What is required: For every line below that includes the word "bedroom", add one; report the final number and nothing else.

(Provided information begins)

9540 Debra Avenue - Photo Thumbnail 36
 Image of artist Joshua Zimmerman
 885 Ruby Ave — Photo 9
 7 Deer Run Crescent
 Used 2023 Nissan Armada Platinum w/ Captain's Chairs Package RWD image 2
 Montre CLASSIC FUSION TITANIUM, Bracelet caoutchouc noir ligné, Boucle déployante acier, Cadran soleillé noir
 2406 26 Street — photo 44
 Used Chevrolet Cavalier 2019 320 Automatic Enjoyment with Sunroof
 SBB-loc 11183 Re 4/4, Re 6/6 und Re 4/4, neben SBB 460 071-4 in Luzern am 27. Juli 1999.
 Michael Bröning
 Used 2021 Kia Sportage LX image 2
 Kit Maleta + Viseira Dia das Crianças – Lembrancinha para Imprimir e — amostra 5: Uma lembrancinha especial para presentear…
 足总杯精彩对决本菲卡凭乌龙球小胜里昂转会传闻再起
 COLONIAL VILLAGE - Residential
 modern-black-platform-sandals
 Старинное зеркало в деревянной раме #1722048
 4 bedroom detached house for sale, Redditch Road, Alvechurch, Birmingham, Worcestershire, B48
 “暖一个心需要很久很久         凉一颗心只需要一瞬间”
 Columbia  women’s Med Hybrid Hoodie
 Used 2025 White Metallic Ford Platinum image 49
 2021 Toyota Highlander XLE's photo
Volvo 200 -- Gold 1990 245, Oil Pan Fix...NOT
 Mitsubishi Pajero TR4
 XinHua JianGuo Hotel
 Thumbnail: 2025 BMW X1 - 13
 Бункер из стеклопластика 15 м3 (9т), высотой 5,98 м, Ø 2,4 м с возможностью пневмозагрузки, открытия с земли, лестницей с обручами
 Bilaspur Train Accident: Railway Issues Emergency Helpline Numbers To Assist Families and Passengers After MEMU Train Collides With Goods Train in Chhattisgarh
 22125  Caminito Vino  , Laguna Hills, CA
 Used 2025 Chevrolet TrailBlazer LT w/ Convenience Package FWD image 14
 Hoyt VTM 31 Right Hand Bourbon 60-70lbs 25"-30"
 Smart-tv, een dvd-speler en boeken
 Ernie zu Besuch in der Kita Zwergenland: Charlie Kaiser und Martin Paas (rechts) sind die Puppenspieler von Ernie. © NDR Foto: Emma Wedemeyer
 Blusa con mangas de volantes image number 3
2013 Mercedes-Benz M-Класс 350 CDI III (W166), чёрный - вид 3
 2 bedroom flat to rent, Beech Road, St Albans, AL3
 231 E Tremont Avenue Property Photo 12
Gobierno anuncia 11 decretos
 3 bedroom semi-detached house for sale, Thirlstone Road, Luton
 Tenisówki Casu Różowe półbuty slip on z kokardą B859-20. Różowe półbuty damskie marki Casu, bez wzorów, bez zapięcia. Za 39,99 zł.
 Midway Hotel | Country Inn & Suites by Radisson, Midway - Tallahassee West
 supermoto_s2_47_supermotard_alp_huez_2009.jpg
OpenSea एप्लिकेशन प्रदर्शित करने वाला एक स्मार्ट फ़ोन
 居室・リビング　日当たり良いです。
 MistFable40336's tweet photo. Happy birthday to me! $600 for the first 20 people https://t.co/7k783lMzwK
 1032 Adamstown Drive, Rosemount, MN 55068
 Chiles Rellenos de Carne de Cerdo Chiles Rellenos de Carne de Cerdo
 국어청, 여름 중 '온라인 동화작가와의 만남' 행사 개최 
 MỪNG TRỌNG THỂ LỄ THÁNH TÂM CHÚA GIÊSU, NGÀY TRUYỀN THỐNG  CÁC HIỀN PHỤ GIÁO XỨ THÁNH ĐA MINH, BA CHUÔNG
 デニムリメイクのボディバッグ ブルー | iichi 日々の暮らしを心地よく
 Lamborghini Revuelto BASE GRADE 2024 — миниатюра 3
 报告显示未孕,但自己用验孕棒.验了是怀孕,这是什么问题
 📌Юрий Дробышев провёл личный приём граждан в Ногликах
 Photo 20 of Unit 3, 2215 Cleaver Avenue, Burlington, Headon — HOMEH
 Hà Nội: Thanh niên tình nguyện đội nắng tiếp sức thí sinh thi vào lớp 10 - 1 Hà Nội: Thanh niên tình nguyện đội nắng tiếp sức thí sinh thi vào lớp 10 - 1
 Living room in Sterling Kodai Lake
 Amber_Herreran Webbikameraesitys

(Provided information ends)

Written solution: 3